この30年、ヨーロッパは怒濤の時代を迎えていました。フランスでは、1789年に民衆が蜂起しバスティーユ牢獄が襲撃され、フランス革命が勃発します。封建制度を否定する民衆が「自由・平等・友愛」を合い言葉に放棄し、1793年にルイ16世と王妃マリー・アントアネットが処刑され民衆による革命が成し遂げられました。しかし、その後、蜂起した民衆の代表たちは分裂し、殺し合い、ジャコバン派による恐怖政治が始まり、「自由・平等・友愛」の精神は雲散霧消してしまうのです。
シラーは、フランス革命前夜のドイツで民衆の自由・平等をめざす革命を応援することを踏まえて「歓喜に寄す」を創作しました。

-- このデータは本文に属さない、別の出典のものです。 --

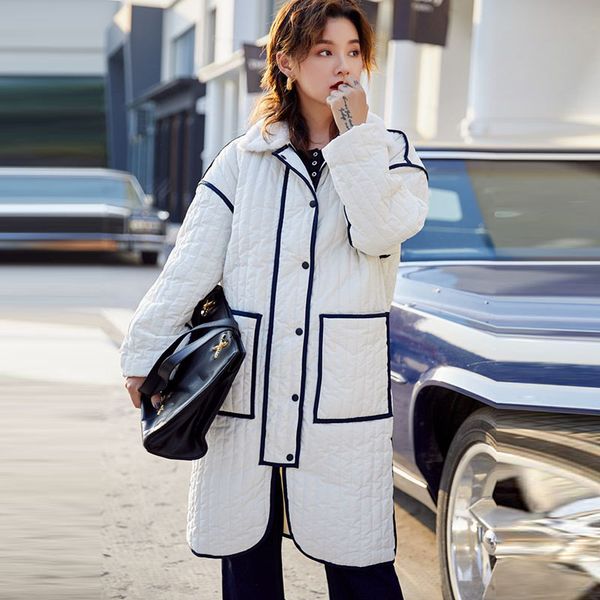

superaen autumn and winter warm parkas coat women 2019 new wild casual fashion ladies parkas coat solid color women clothing, Black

その精神に若きベートーベンも心を動かされました。しかし、フランス革命による反動から恐怖政治が生まれ、革命が必ずしも幸福につながらないことを知り、ベートーベンの思いも複雑であったと想像できます。
そこに現れたのがナポレオンでした。彼は、フランス革命の反動体制を利用して、「自由・平等・友愛」を体現する者としてフランス軍を統べるようになります。そのナポレオンの台頭にベートーベンも再び革命が体現されると期待を持っていたようです。しかし、ナポレオンは反革命からフランスを守るとの大義の下、周辺の国々を征服し、ドイツ、オーストリアの領土を我が物として自らを「皇帝」と称し独裁者となります。

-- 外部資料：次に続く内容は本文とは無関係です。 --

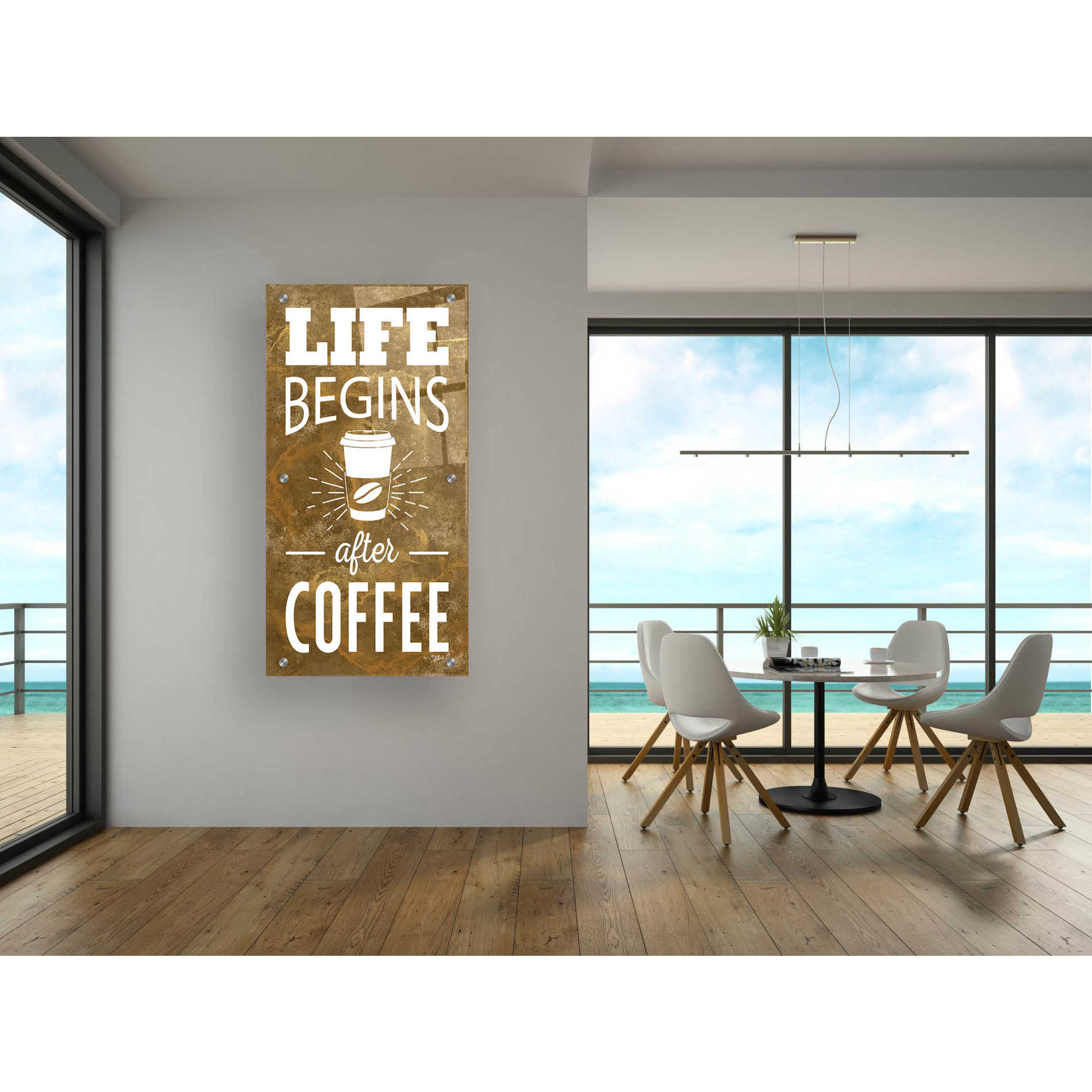 Epic Art 'Life Begins After Coffee' by Marla Rae, Acrylic Glass Wall Art,24x48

(フランスを熱狂させたナポレオン wikipediaより)
そして、その後ナポレオンの敗北と没落、そしてウィーン会議(1815年)による反動政治と保守政治と時代は大きく動いていくことになります。そんな中で第九の時代がやってきます。
シラーの語る「歓喜」は、現実に至るように見えて潰えた夢とも言えるのです。
しかし、ベートーベンは、革命や反革命という現実を超えて「歓喜」につながる「闘い」を続ければ、その先に幸福と歓喜の世界がやってくるのだ、との想いを胸にこの交響曲第9番を作曲し、さらにその最終章に「歓喜に寄す」を作り出したのだといいます。
そして、著者はそこから現在に至る「第九」の系譜をも語っていくのです。
さて、これまで拙ブログでは「第九」に関して、2冊の本を紹介しました。それは、「交響曲『第九』の秘密-楽聖ベートーヴェンが歌詞に隠した真実」(マンフレッド・クラメス著 ワニブックスPLUS新書 2017年)と「第九 ベートーベン最大の交響曲の神話」 (中川右介著 幻冬舎新書 2011年)の2冊です。(題名をクリックするとブログにアクセスできます。)気になる方は、こちらもご覧ください。

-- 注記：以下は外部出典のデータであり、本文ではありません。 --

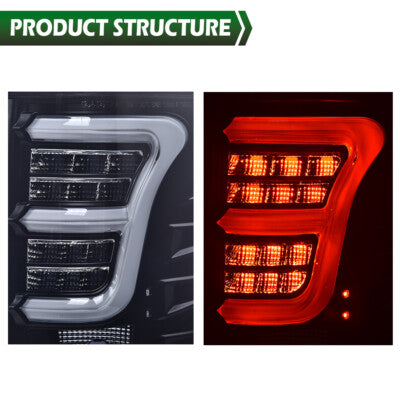 Solid Spare Black Housing Smoked Lens LED Brake Tail Lights Fit For 2009-2014 Ford F150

どちらも面白い本でしたが、今回の本は「第九」に通底する歴史をも教えてくれる、とても興味深い本でした。ちなみに本書の著者、小宮正安氏は、14年前に紹介した「モーツァルトを『造った』男 ケッヘルと同時代のウィーン」 (小宮正安著 講談社現代新書 2011年)の著者でもあり、久しぶりにその著に触れて心が躍りました。(同じくクリックでジャンプします。)
12月は第九の季節、皆さんもこの本を読んで第九の予習をしてはいかがでしょう。より深く第九の世界へといざなわれること間違いなしです。
それでは皆さんお元気で、またお会いします。
〓今回も最後までお付き合いありがとうございます。